I remember killing time in a grocery store thumbing through the paperbacks. Of course, there was the Harlequin type crap for the ladies. For the gents there was a bunch of serialized action-adventure nonsense with covers depicting some grimy, scarred-up mercenary clutching a shredded American flag silhouetted against a blood-red atomic twilight. A typical description on the back cover might read: “In the post-apocalyptic future a rag-tag band of special-ops assassins battles their zombie/mutant/space Nazi overlords!”

And I remember saying to myself, “I could write this crap!”

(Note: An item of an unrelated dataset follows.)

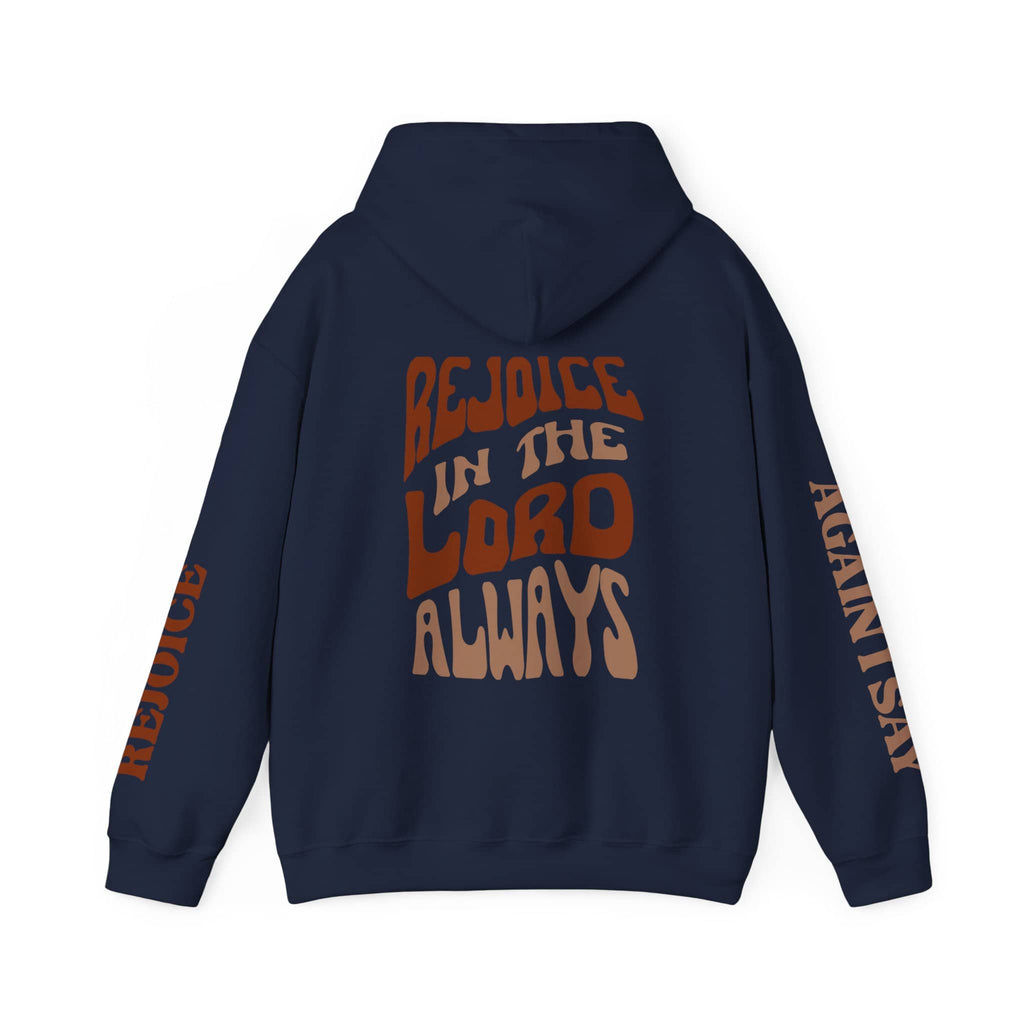 Navy Rejoice in the Lord sweatshirt with vibrant lettering on the back and sleeves for a stylish look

Believe me, I gave it hell. I thought I had a pretty interesting setting and some compelling characters. It was speculative fiction, which is what you say when you don’t want to admit to science fiction. I’d describe it for you, but you’d swear I stole it from The Matrix, even though I started writing it in 1990. Anyway, after fits and starts and long stretches of inactivity, I’ve got 200 pages in a binder somewhere that will never be completed. First of all, they went and made The Matrix. I suppose I could change some elements to make it less Matrix-y. But, truthfully, the story is very bleak and hopeless and, thank the Lord, that’s not who I am anymore.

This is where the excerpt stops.